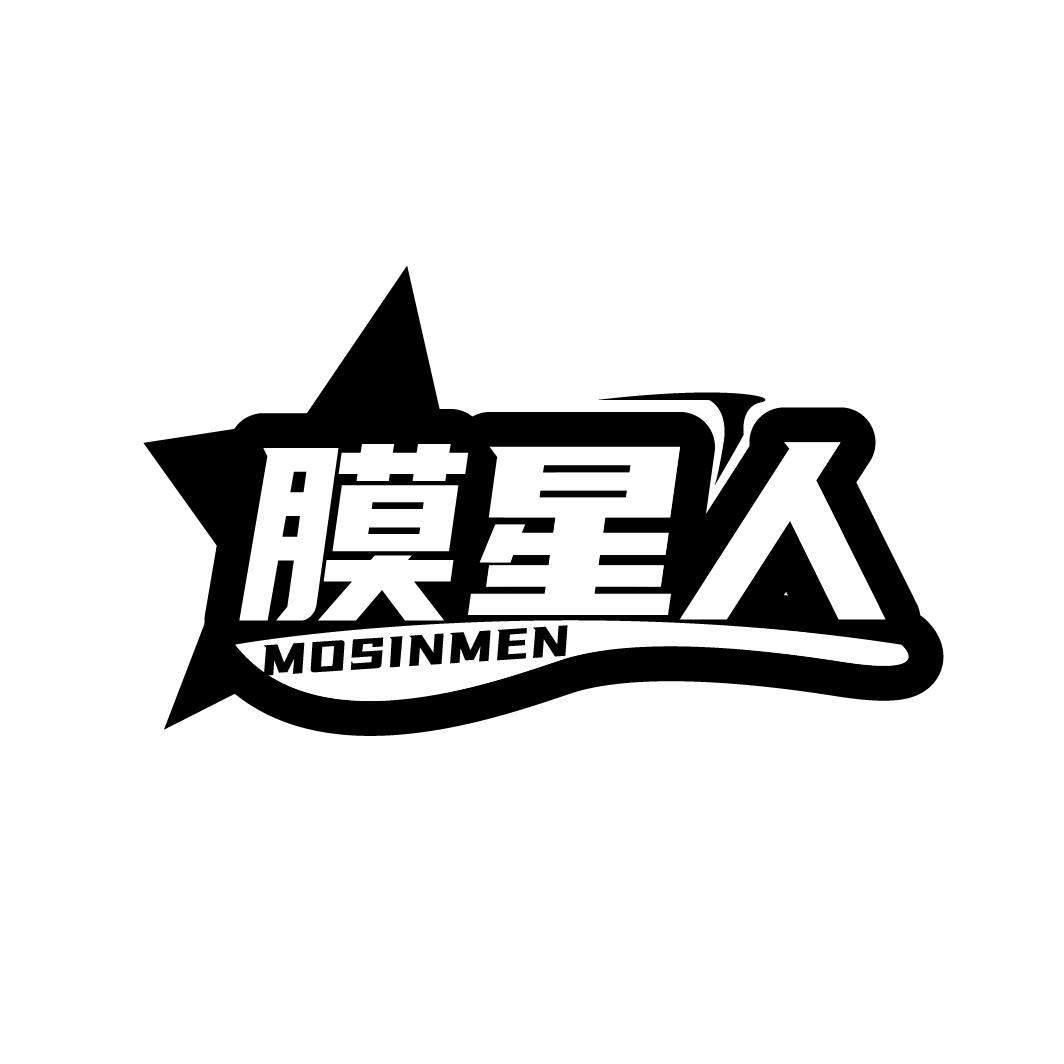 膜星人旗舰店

---*---

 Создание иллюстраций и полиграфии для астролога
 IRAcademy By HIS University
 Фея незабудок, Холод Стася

---*---

** Task item **
Print only what lies in the material above starting at the line with "Создание иллюстраций и" and ending at the line with "Фея незабудок, Холод Стася", every line exactly as given.

** Answer to this task **
 Создание иллюстраций и полиграфии для астролога
 IRAcademy By HIS University
 Фея незабудок, Холод Стася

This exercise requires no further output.